Todos los que formábamos aquella tropilla nos podíamos identificar como “jóvenes de izquierda”, y muchos solíamos por las noches salir con botes de engrudo a pegar en las paredes del barrio estudiantil El machete, que era el periódico clandestino del Partido Comunista, en cuyas células aspirábamos a ser admitidos (aunque a Octavio Paz no lo recuerdo claramente en esta actividad al margen de la Ley). Don Emilio, que me impresionó por el fuerte olor de la brillantina aplicada a sus cabellos, nos recibió de inmediato y nos trató con casi paternal cortesía. Nos concedió la libertad de Revueltas, que pronto volvió a caer en manos de la policía, hasta ser deportado a las Islas Marías, donde escribió Los muros de agua, uno de sus más bellos y rebeldes libros.

¿Qué ha sido, medio siglo después, de aquellos inquietos muchachos? Revueltas murió sin abdicar de sus ideas revoltosas; Efraín Huerta tampoco renunció nunca a ellas, pero pasó a vivir, de los barrios de Guerrero (calle de la Magnolia), Tlatelolco (plaza de Santiago) y La Tabacalera (calle de José María Iglesias) a la más burguesa colonia Polanco (calle de Lope de Vega); Octavio llegó a ser embajador, se volvió un best-seller y hoy, amigo de presidentes y frecuentador de reyes, pasó a vivir como rico en el Paseo de la Reforma (a la altura de Guadalquivir); Pepe Alvarado alcanzó la rectoría de una Universidad burguesa, la de Monterrey; Ramírez y Ramírez, diputado de mucho prestigio dentro del partido oficial, fundó un diario, de prestigio muy sólido, y se hizo un periodista prominente.
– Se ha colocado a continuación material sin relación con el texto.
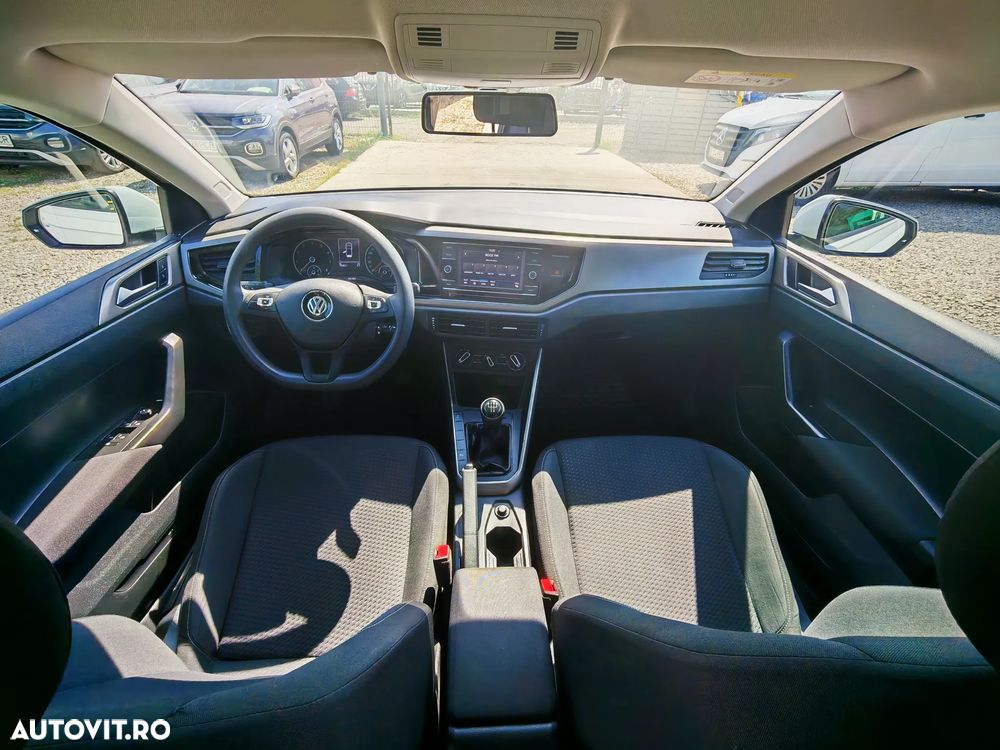 Volkswagen Polo 1.0 TSI Comfortline - 13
Yo mismo llegué a ocupar algunos modestos cargos burocráticos, avancé en la carrera de periodismo, llegué también a rector de un centro universitario, menos burgués que el de Alvarado, pero sin dejar de serlo, acepté premios que me alargaron varios presidentes. De los poco menos que anarquistas de cuando teníamos dieciocho años, ¿qué ha quedado, en los que hemos alcanzado a ser septuagenarios, sin contar a los que ya rindieron su inexcusable tributo a la muerte?

Sólo Octavio Paz y yo nos conservamos vivos, de la parte medular de aquel grupo de jóvenes rojillos; y ya ninguno de nosotros responde a ese color que de adolescentes tuvimos. Paz, al contrario, periodista y estrella de la televisión, es poco menos que el portavoz de las derechas, o, con poca razón o con mucha, como tal suele señalársele. Y yo también adquirí un tinte de cierto conformismo, que es el preciso del color blanco de mi cabeza, el que corresponde a mi edad, de ya muy poco menos que centenaria.

Le dije a la periodista María Idalia, que me entrevistó: “Es que hay un tiempo de ser incendiario… y otro de ser bombero”.